Usuwanie zbędnego owłosienia już od dawna nie jest zabiegiem zarezerwowanym wyłącznie dla kobiet. Mimo powszechności zjawiska – wielu panów wciąż ma wątpliwości, czy nie jest to aby mało męski zabieg.
Moda na depilację męskiego ciała przyszła do nas z Zachodu. Mężczyźni, w odróżnieniu od kobiet, poddają się depilacji, gdy ich owłosienie jest zbyt duże i staje się problemem estetycznym. Dlatego też najczęściej depilują plecy, ramiona oraz tors. Nie bez znaczenia są również względy higieniczne jakie towarzyszą np. depilacji pach czy też upodobania osobiste lub wpływ partnera lub partnerki. Mężczyźni coraz częściej otwarcie deklarują, że korzystają z usług gabinetów kosmetycznych. I słusznie, bo nic w tym wstydliwego, że chcą wyglądać lepiej i lepiej się czuć.
Męska depilacja jest czynnością konieczną i naturalną dla zawodowych sportowców. Pozbywanie się owłosienia z całego ciała jest dla nich nierzadko codziennym obowiązkiem. Przykładem są też gwiazdy sceny i ekranu. Depilują się tancerze, aktorzy i piosenkarze, którzy od zawsze wzbudzali ogromne zainteresowanie wśród kobiet.
Nie muszą tego robić sami, bo spora część salonów kosmetycznych posiada już w swojej ofercie zabiegi depilacyjne przeznaczone dla panów. Męskie owłosienie jest bujniejsze niż kobiece, w związku z tym zabiegi trwają dłużej, ale przy zastosowaniu odpowiednich preparatów, są niemal całkowicie bezbolesne.

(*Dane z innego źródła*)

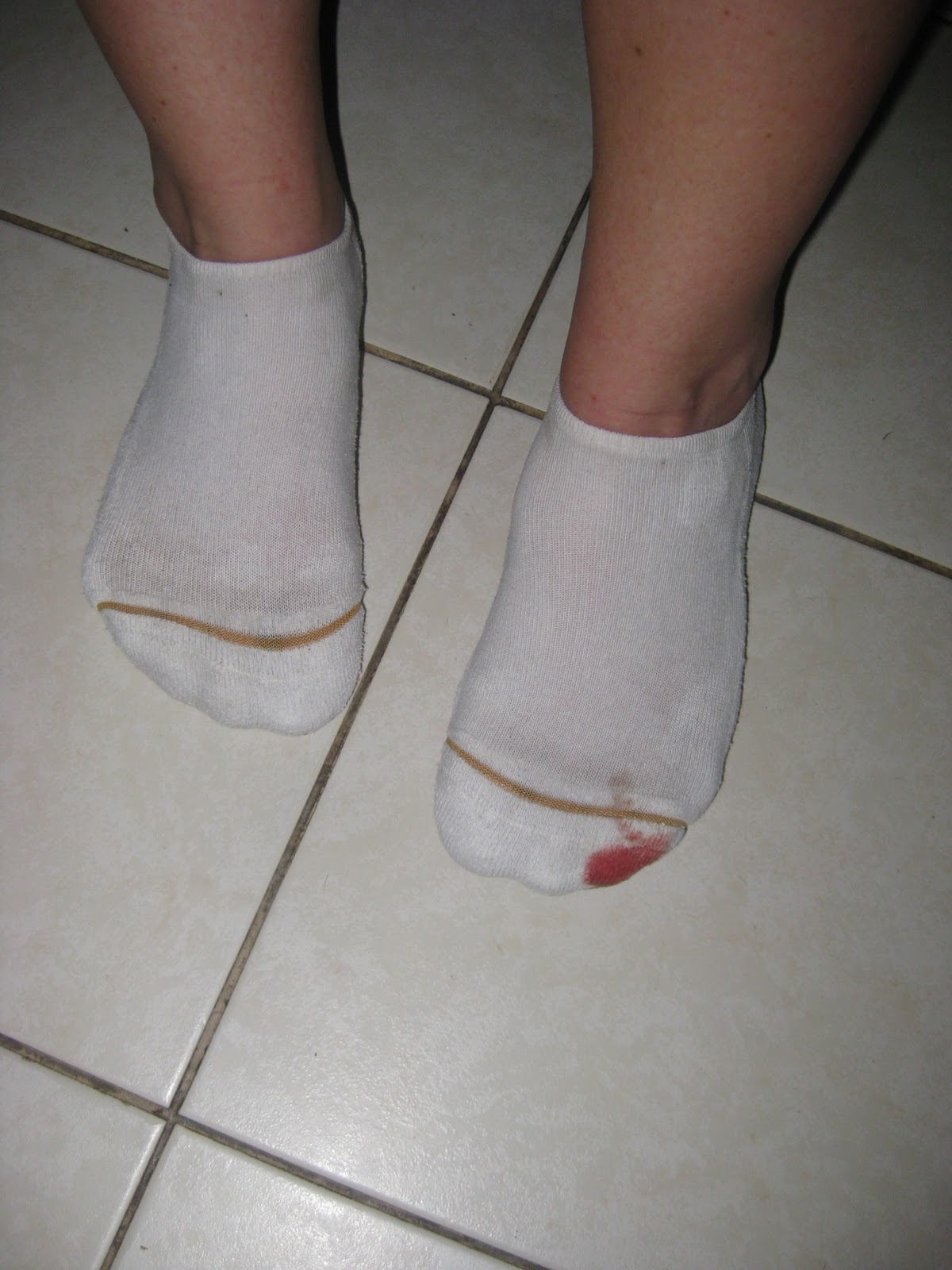 Live Fully Feet are Gross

Oferta jest bogata – od tradycyjnego golenia po depilację woskiem, ultradźwiękami, pastą cukrową czy popularnym ostatnio laserem. – Mężczyźni najczęściej wybierają laser przez wzgląd na długofalowe efekty tej metody, chociaż poziom testosteronu powoduje, że włosy są trudniejsze do usunięcia. W przypadku męskiej depilacji zazwyczaj osiągamy przerzedzenie, a nie całkowite pozbycie się włosków, jednak biorąc pod uwagę bujność owłosienia wśród panów różnica jest diametralna – mówi Patrycja Jurek, dyplomowany kosmetolog z Centrum Kosmetyczno-Dermatologicznego DER-MED w Katowicach.
Na czym dokładnie polega ta metoda? Laser emituje wiązkę promieni, które prowadzą do zniszczenia cebulki włosa. Wiązka działa powierzchniowo i nie ma wpływu na funkcjonowanie organizmu. Zabieg trzeba powtórzyć minimum trzy razy, ponieważ nie wszystkie włosy rosną równocześnie i na część z nich światło lasera nie zadziała.
– Przeczytałem w Internecie, że można prawie całkowicie pozbyć się włosów i nie zastanawiałem się ani chwili. Jestem sportowcem i zrobiłem to ze względów higienicznych. Nie był to tani zabieg, ale będę miał spokój do końca życia. Z resztą gdybym policzył wydatki na maszynki i pianki do golenia, to i tak pewnie jestem do przodu – śmieje się 28-letni Tomek z Wrocławia.
Mimo, że salony kosmetyczne otwierają się na potrzeby mocnej płci, to kwestia wstydu związanego z depilacją męskiego ciała w wielu przypadkach stanowi barierę nie do pokonania. Pewnie upłynie jeszcze sporo czasu zanim panowie zaczną traktować depilację jako naturalny element dbania o siebie. Do tego czasu widok gładkiego, męskiego ciała będzie nam towarzyszył najczęściej w teledyskach lub na billboardach reklamowych.